■ GIVEN DATA

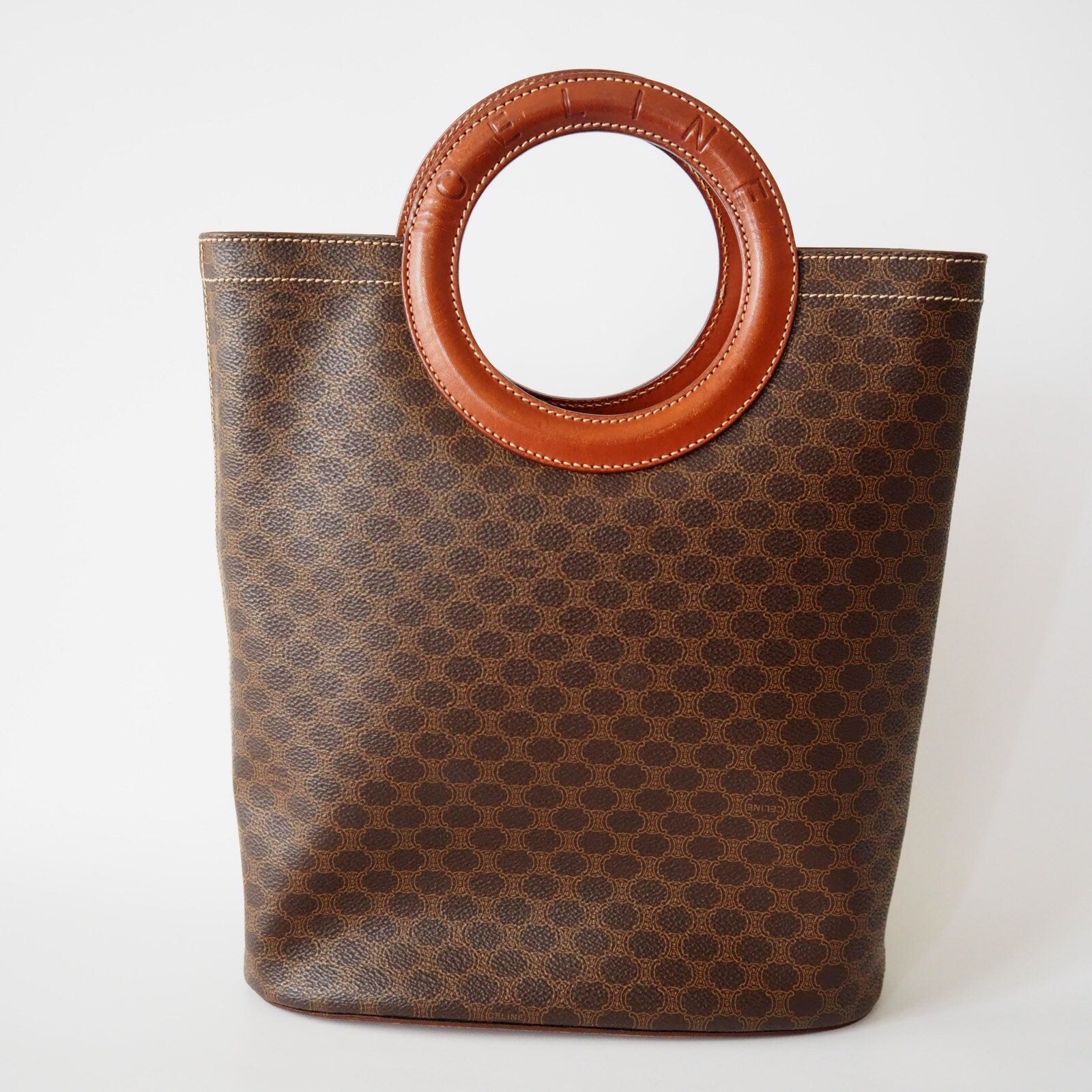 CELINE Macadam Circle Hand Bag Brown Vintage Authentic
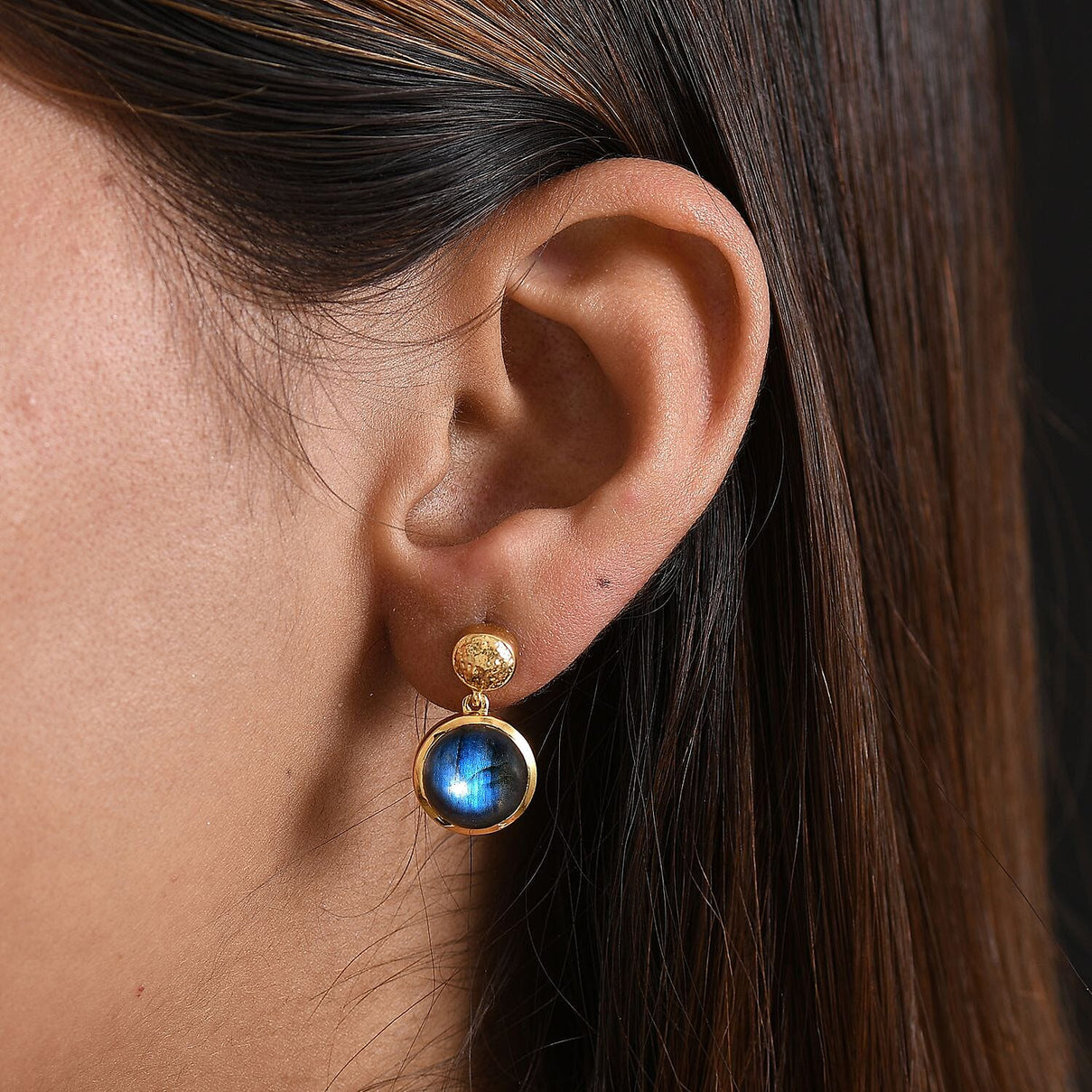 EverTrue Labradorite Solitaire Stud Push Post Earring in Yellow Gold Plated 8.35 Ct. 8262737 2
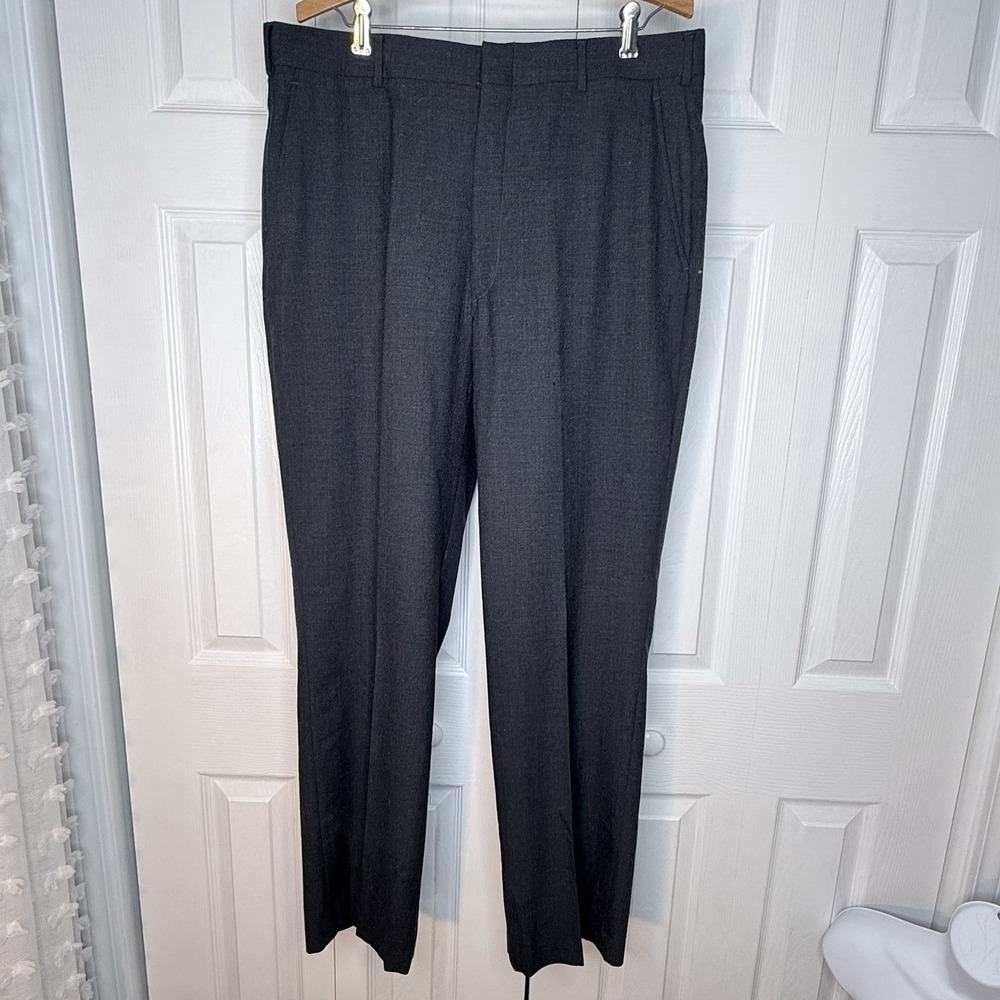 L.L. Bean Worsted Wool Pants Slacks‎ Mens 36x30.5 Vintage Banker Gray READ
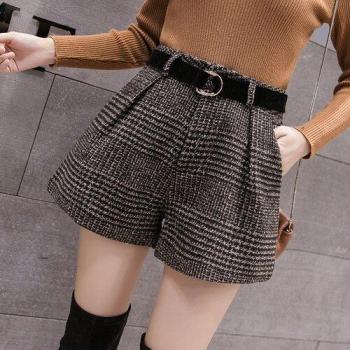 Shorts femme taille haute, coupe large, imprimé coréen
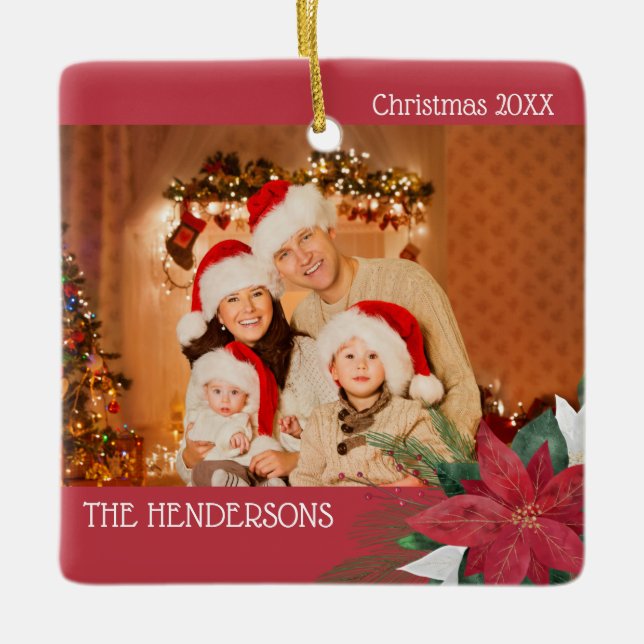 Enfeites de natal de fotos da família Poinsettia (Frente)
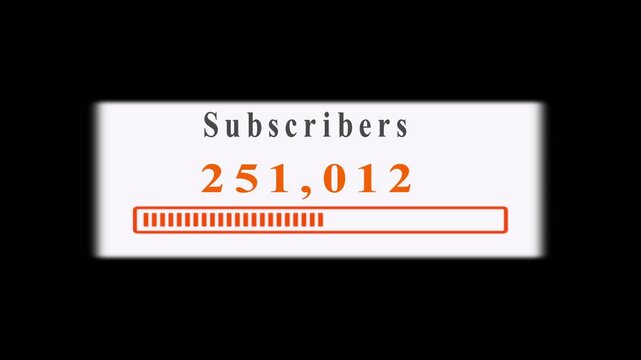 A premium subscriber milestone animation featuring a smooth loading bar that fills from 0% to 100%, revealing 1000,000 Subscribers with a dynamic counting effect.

--

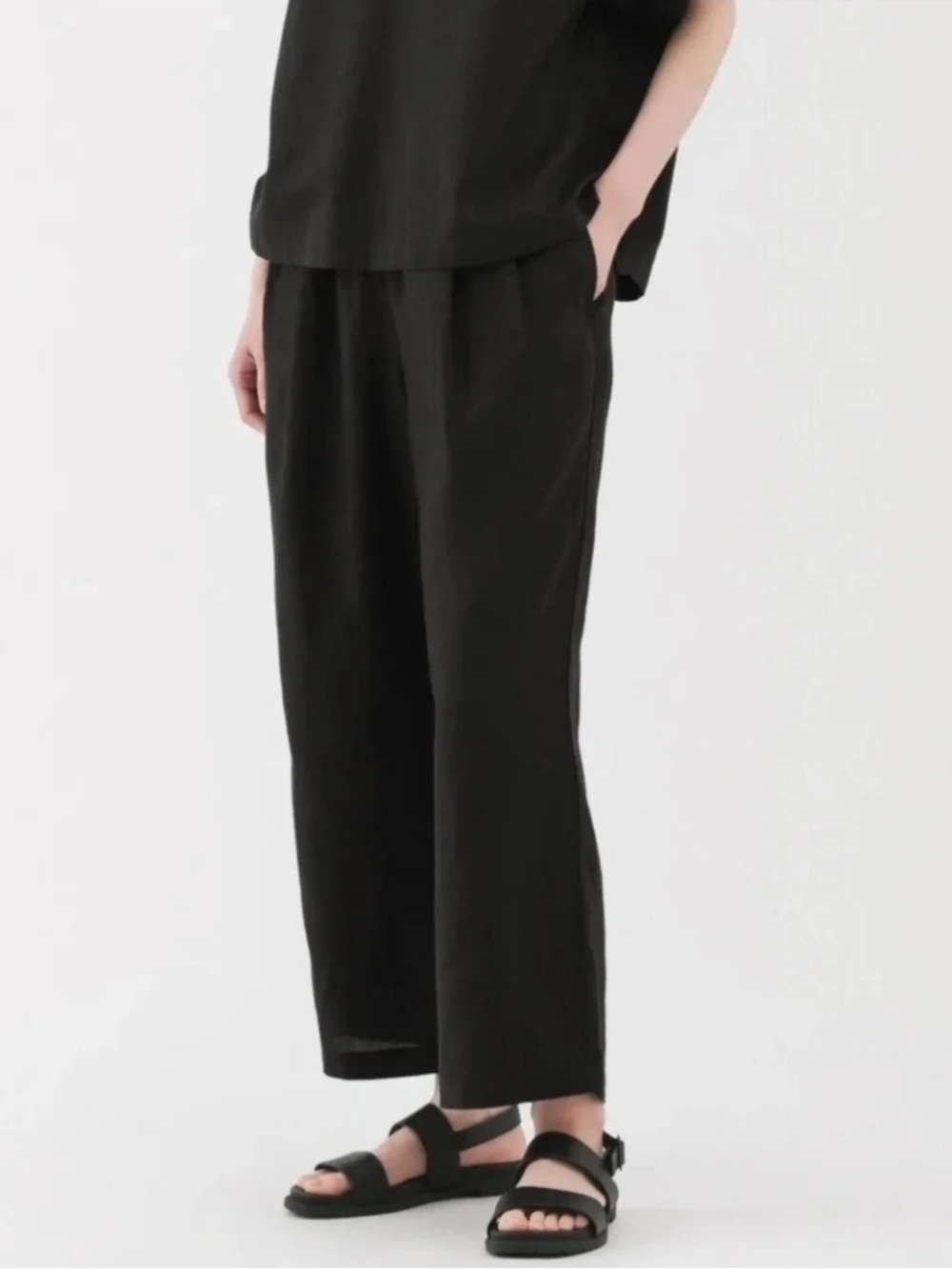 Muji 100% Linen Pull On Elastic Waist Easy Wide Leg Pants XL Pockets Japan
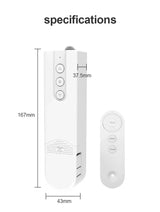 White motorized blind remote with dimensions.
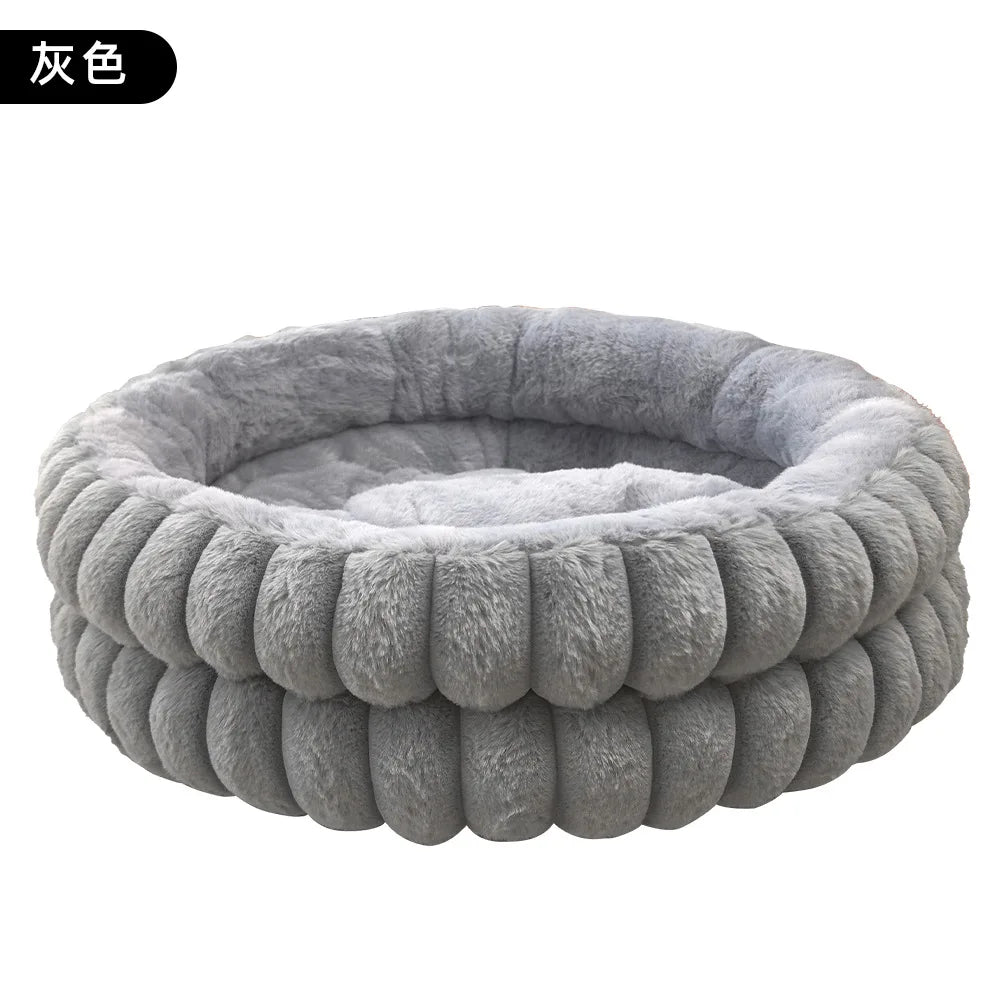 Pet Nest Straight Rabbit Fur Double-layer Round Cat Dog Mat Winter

■ THE TASK
In the listing above, find the line with "Shorts femme taille" and the line with "A premium subscriber". Transcribe those two and everything between, exactly, leaving out pictures.

■ TASK ANSWER
 Shorts femme taille haute, coupe large, imprimé coréen
 Enfeites de natal de fotos da família Poinsettia (Frente)
 A premium subscriber milestone animation featuring a smooth loading bar that fills from 0% to 100%, revealing 1000,000 Subscribers with a dynamic counting effect.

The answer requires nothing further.